# HLS Seminar Series at Rotary Boat show



## JoeZ (Sep 30, 2007)

This Saturday at 11 a.m. there will be a special Hook, Line & Sinker Seminar Series at the Rotary Boat show at Palafox Pier.

I, me, Joe Z -- yes me -- will be talking about trout, redfish and other inshore fishing techniques and tactics.

If you want to hear some of -- but not all -- the tricks the "pros" have taught me over the past few years, this will be the time. Also, having been boatless for the vast majority of my 31 years on this planet, I'll be covering some of my favorite spots to wade or shore fish. 

Hope to see you there -- Realtor, that's Saturday at 11 a.m. in case you missed it.


----------



## Gonnamissher (Oct 1, 2007)

This must be the 5 minute "mini" session.


----------



## JoeZ (Sep 30, 2007)

Wow, thanks!

You really think I've got that much material?


----------



## Chris Phillips (Oct 1, 2007)

Everyone go see Joe!

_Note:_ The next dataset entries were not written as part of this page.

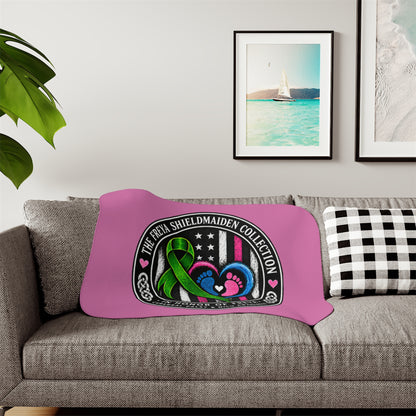Sherpa Blanket - Cerebral Palsy & NICU Awareness Ribbon Heart Design (Honor of Freya)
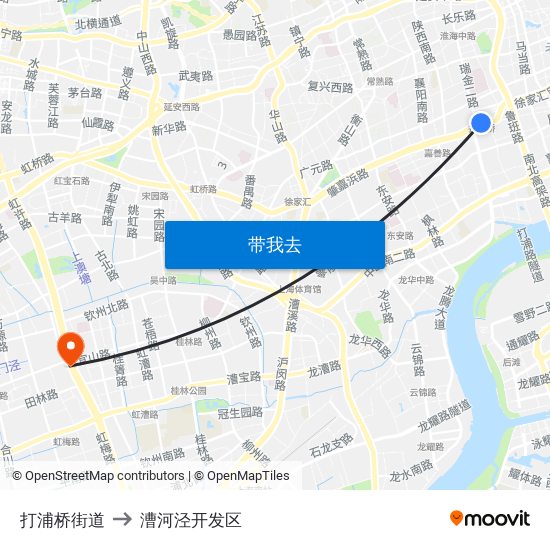 打浦桥街道 to 漕河泾开发区 map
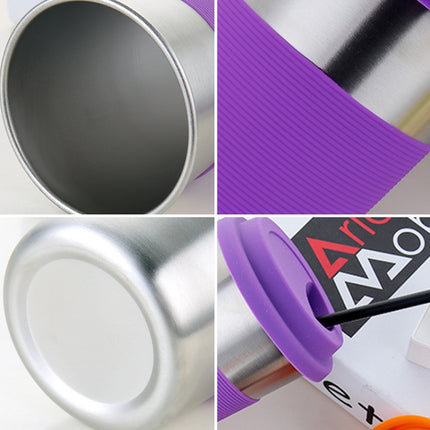 500ml Single Wall Electropolished Stainless Steel Curling Edge Beverage Cup With Rubber Circle Band And Cap(Purple)-garmade.com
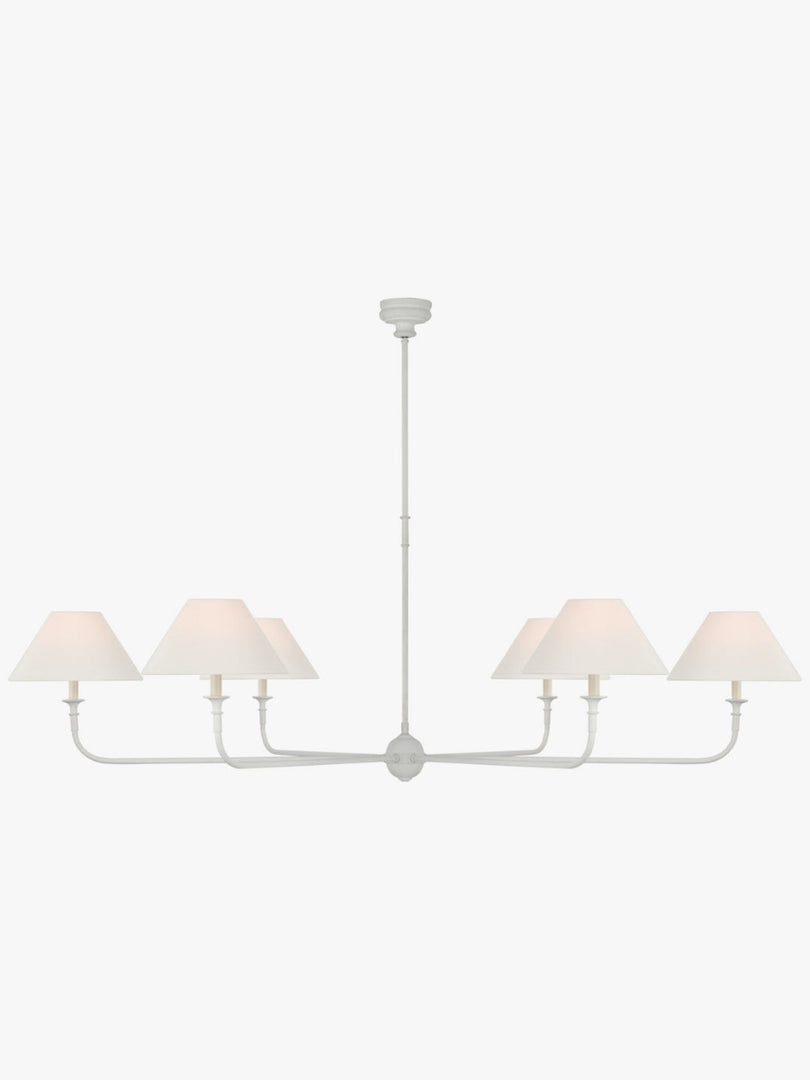 Sleek Chandelier Featuring Layered Linear Silhouette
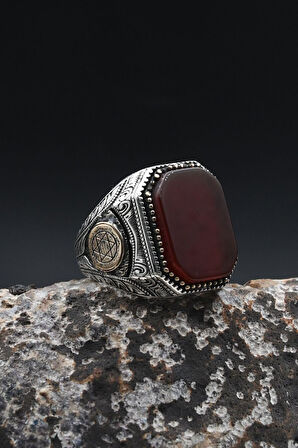 Kırmızı Akik Taşlı Hz. Süleyman Mührü 925 Ayar Gümüş Erkek Yüzük 902364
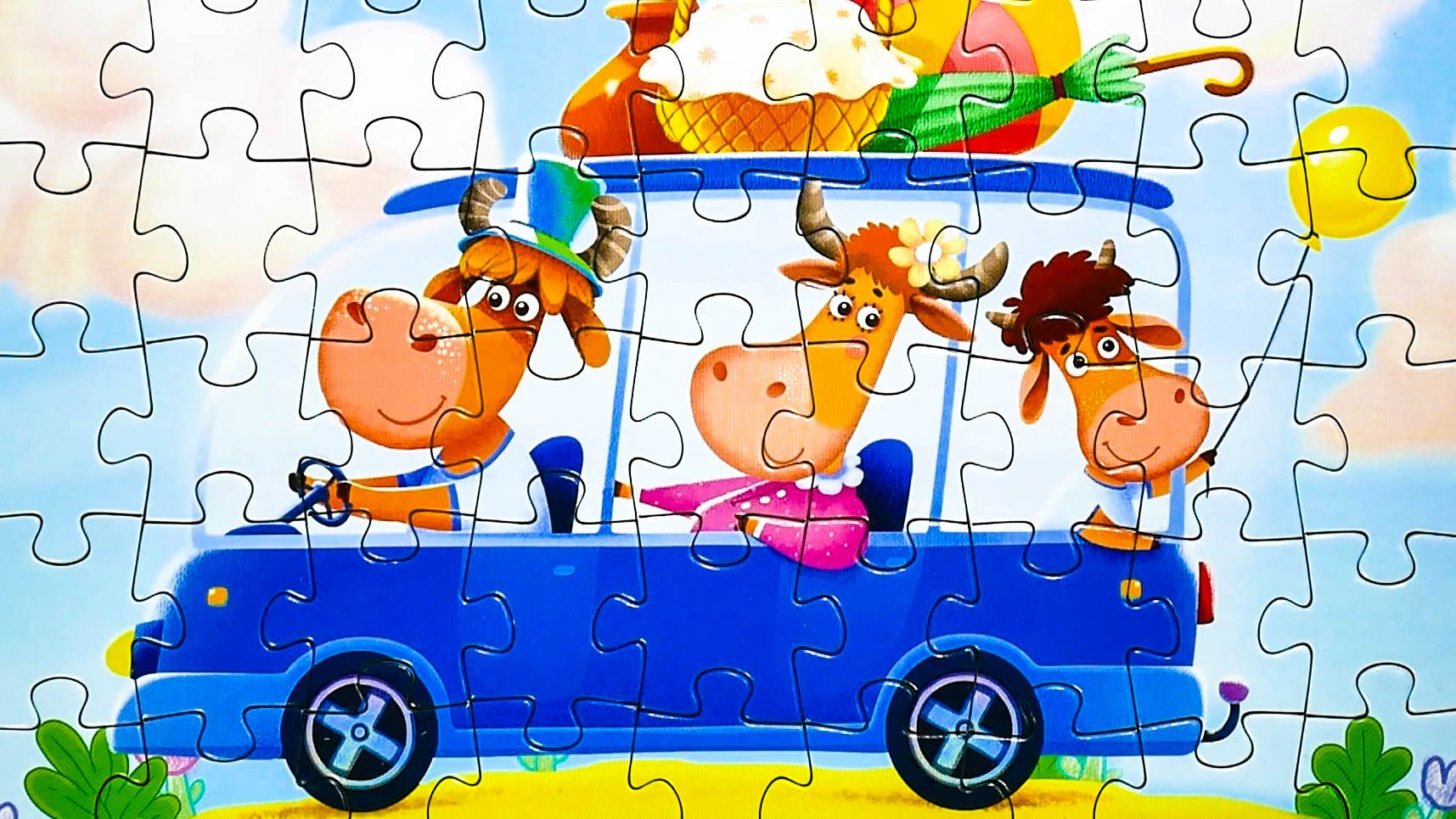 Бурёнка Даша - собираем пазлы для детей Раскрашка ТВ смотреть онлайн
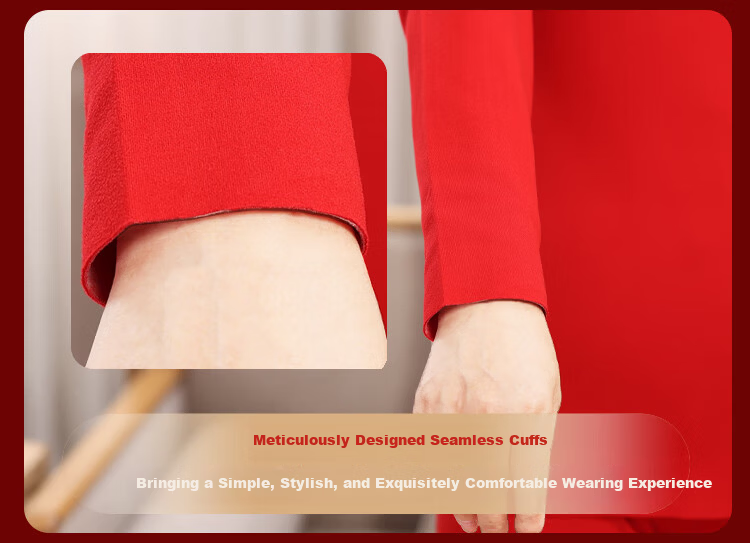 Hengyuanxiang Women's Red Pure Cotton Thermal Underwear Set for Middle-aged and Elderly, Lucky Year Autumn Long Johns and Socks 17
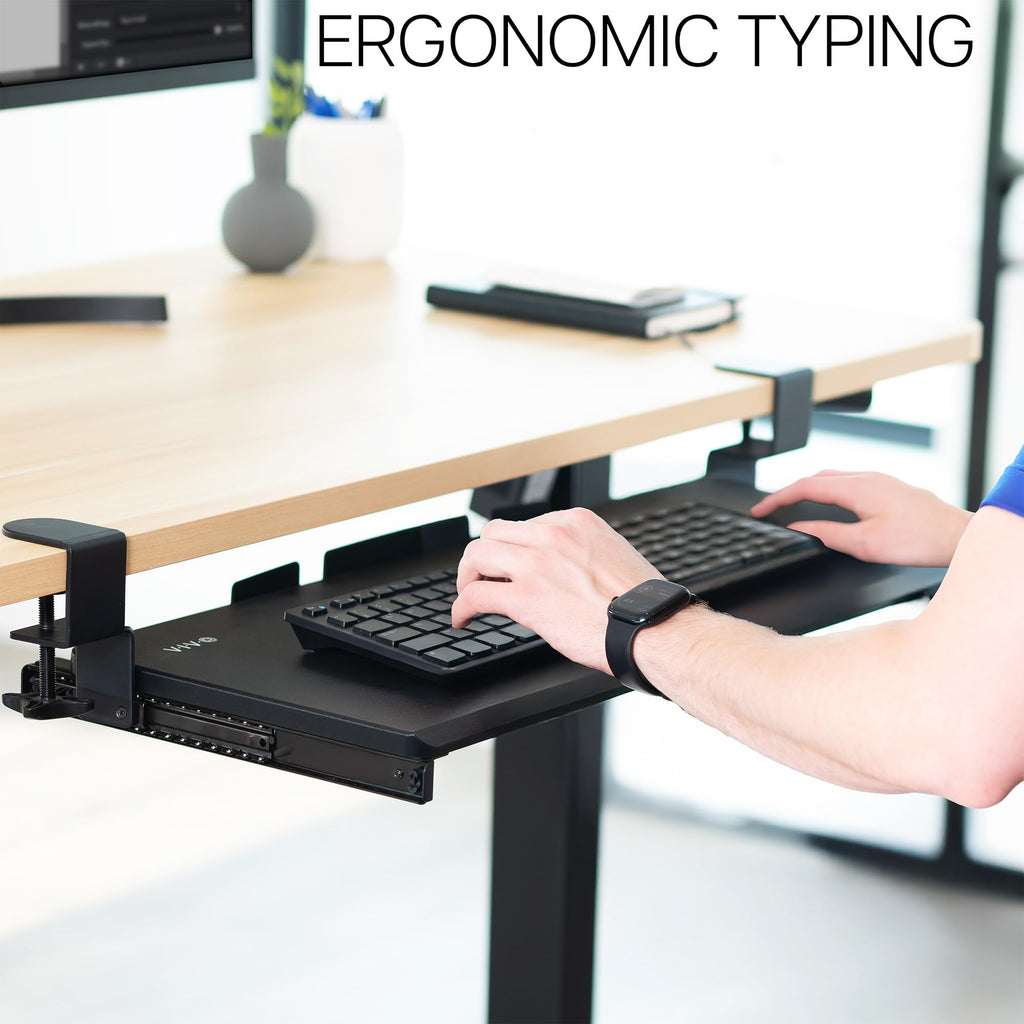 Large Keyboard Tray Under Desk Pull Out with Extra Sturdy C Clamp Mount System, 27 (33 Including Clamps) x 11 Inch Slide-Out Platform Computer Drawer for Typing, Black, MOUNT-KB05E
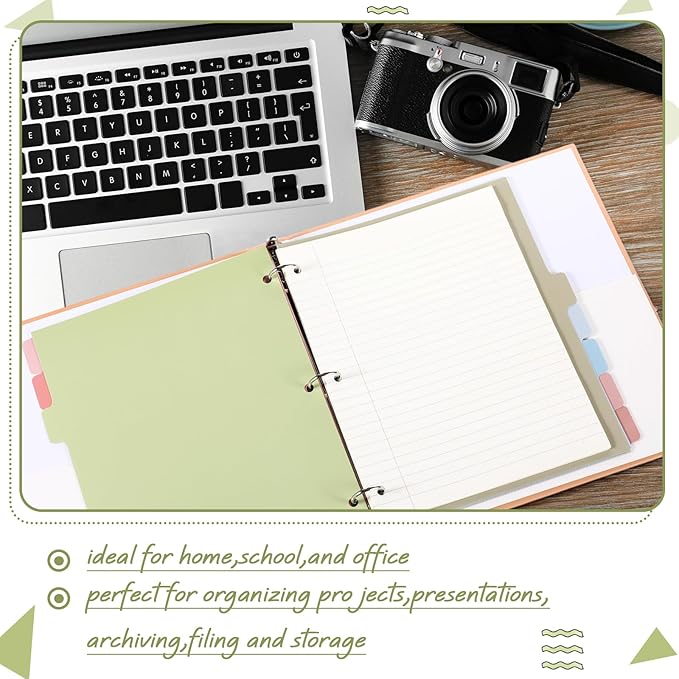 Honoson 12 Sets 8 Tab Dividers for 3 Ring Binders Plastic File 8.5 x 11 Inch Paper Multicolor Page Binder Index Dividers for School Office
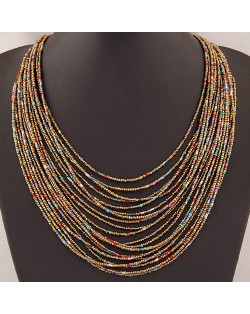 Bohemian Style Dense Layers Mini Beads Costume Necklace - Colorful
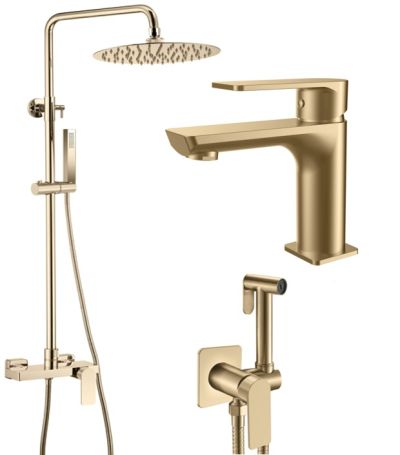 Комплект смесители LOTUS GOLD МАТ  душ-колона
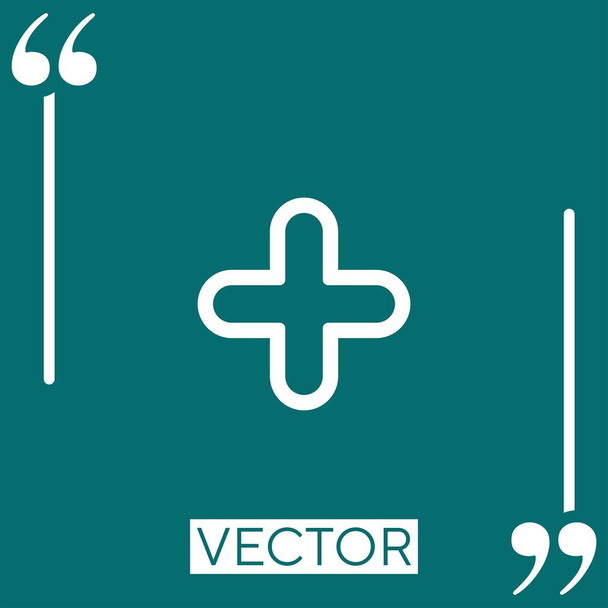 además de añadir icono de vector de contorno cruzado icono lineal. Línea de carrera editable - Vector, imagen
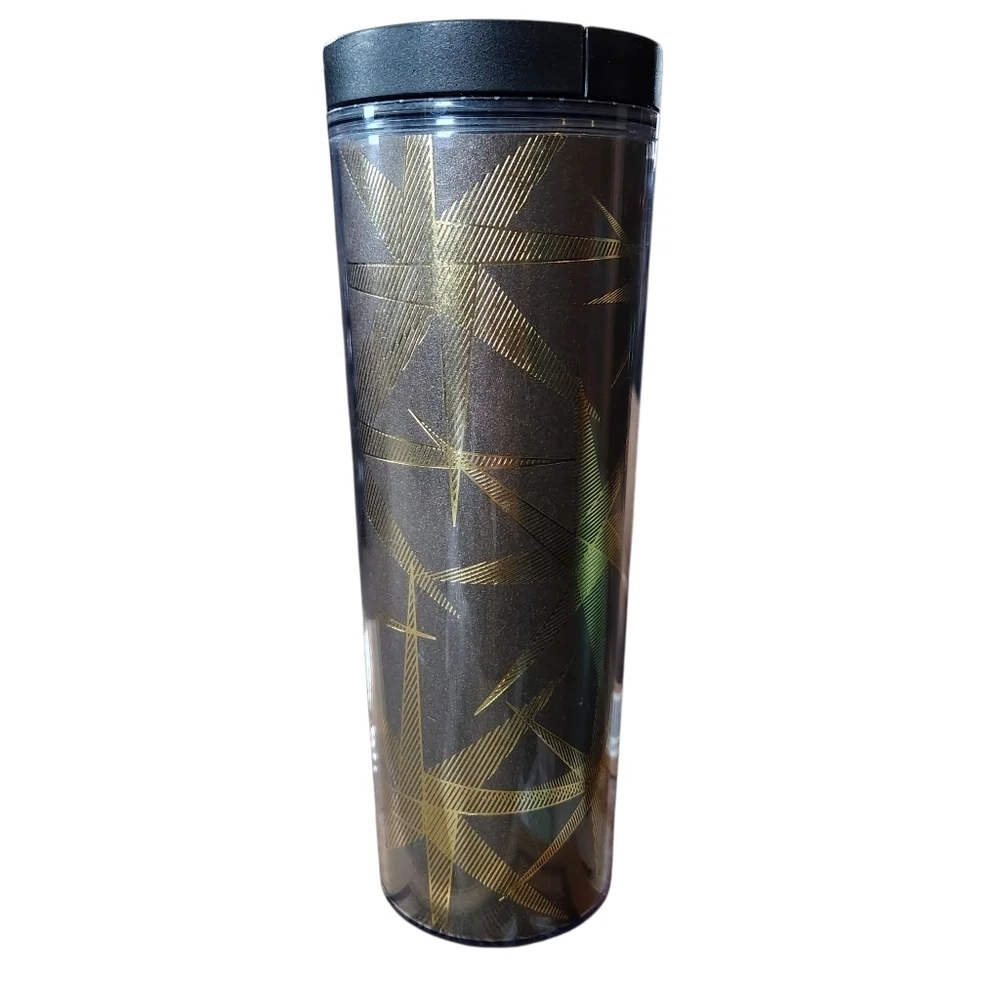 Starbucks 2013 Holiday Stars Gold Tone 16oz Travel Tumbler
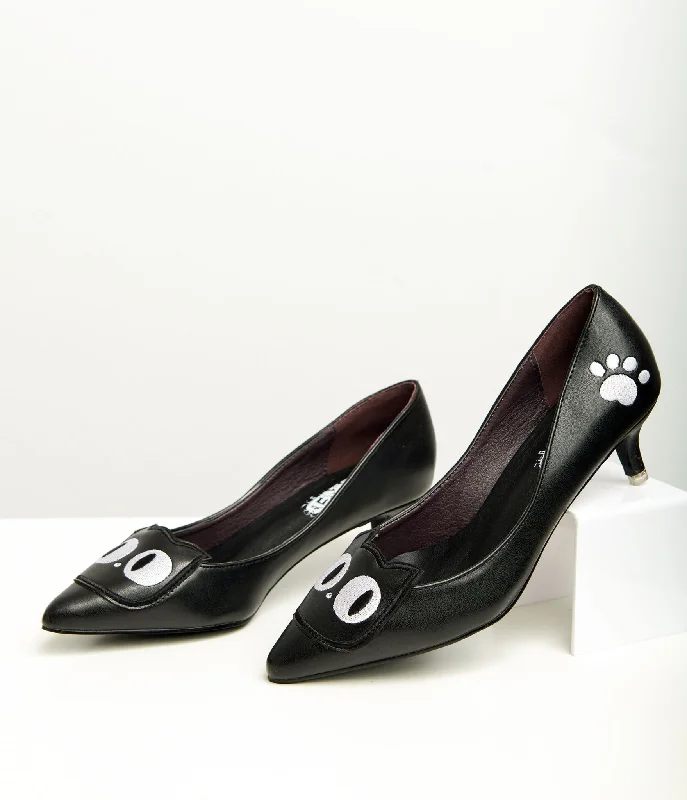 Black Leatherette Kitty Cat Lover Heels---Comfortable Leather Pumps for Office and Everyday Wear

Eric and I have taught him well, hopefully he won't tell you all of our secrets...


----------



## bonita dan (Oct 3, 2007)

But I'll come on by and here your BS Joe.


----------



## JoeZ (Sep 30, 2007)

Awe, thanks Yoda, Obi-won -- you guys are great.

Should be good, I'll stick to the few things I know I know, reds, trout and wade fishing when everyone else has to work real jobs.

I might even bring my secret bass lure out of hiding if any freshwater folks show up. Caught a 5.5 pounder last week, several 2 pounders, two bream and a turtle -- all on one lure, multiple casts though, it's not THAT good.


----------